____ Supplied material
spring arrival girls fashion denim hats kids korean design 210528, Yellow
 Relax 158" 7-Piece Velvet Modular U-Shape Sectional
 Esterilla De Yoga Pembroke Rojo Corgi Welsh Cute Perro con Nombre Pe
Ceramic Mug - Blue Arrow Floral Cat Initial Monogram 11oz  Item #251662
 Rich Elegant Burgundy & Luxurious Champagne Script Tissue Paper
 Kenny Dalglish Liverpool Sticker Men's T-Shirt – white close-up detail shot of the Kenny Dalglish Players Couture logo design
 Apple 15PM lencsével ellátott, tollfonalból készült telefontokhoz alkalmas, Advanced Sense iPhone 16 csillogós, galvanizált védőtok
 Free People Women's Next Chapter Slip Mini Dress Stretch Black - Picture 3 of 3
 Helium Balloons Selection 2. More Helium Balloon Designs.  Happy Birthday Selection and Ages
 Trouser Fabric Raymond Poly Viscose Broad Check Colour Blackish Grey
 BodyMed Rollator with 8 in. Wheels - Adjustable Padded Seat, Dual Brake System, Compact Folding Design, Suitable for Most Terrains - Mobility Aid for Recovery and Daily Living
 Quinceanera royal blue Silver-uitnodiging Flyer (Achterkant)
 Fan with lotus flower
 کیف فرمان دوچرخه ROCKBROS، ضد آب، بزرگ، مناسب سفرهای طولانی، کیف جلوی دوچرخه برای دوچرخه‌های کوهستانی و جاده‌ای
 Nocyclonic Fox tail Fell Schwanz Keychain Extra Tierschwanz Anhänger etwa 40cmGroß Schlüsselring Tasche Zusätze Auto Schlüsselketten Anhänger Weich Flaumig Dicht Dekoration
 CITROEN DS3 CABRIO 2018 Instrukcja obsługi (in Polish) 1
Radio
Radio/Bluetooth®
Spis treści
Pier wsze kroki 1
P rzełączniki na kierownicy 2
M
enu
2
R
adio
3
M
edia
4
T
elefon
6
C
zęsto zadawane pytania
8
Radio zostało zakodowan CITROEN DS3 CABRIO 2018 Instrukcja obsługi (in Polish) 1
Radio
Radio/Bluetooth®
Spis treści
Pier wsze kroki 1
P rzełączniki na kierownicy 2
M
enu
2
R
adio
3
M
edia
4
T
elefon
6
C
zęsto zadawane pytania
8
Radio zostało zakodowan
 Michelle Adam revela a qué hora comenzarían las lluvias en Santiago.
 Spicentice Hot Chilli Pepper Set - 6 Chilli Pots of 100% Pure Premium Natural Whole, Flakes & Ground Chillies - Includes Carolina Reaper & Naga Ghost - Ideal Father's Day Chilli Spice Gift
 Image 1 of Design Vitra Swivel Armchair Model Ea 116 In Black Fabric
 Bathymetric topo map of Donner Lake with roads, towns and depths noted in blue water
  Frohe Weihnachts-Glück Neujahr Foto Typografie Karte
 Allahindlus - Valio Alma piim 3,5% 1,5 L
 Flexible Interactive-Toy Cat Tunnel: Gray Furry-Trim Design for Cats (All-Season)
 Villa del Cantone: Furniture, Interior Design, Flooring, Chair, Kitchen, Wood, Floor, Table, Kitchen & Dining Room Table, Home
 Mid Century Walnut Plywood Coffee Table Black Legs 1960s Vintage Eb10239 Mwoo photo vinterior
________
* [Work item]:
Repeat precisely the lines of the data starting at the one containing "Spicentice Hot Chilli", last line included.

* [Reply to the exercise]:
 Spicentice Hot Chilli Pepper Set - 6 Chilli Pots of 100% Pure Premium Natural Whole, Flakes & Ground Chillies - Includes Carolina Reaper & Naga Ghost - Ideal Father's Day Chilli Spice Gift
 Image 1 of Design Vitra Swivel Armchair Model Ea 116 In Black Fabric
 Bathymetric topo map of Donner Lake with roads, towns and depths noted in blue water
  Frohe Weihnachts-Glück Neujahr Foto Typografie Karte
 Allahindlus - Valio Alma piim 3,5% 1,5 L
 Flexible Interactive-Toy Cat Tunnel: Gray Furry-Trim Design for Cats (All-Season)
 Villa del Cantone: Furniture, Interior Design, Flooring, Chair, Kitchen, Wood, Floor, Table, Kitchen & Dining Room Table, Home
 Mid Century Walnut Plywood Coffee Table Black Legs 1960s Vintage Eb10239 Mwoo photo vinterior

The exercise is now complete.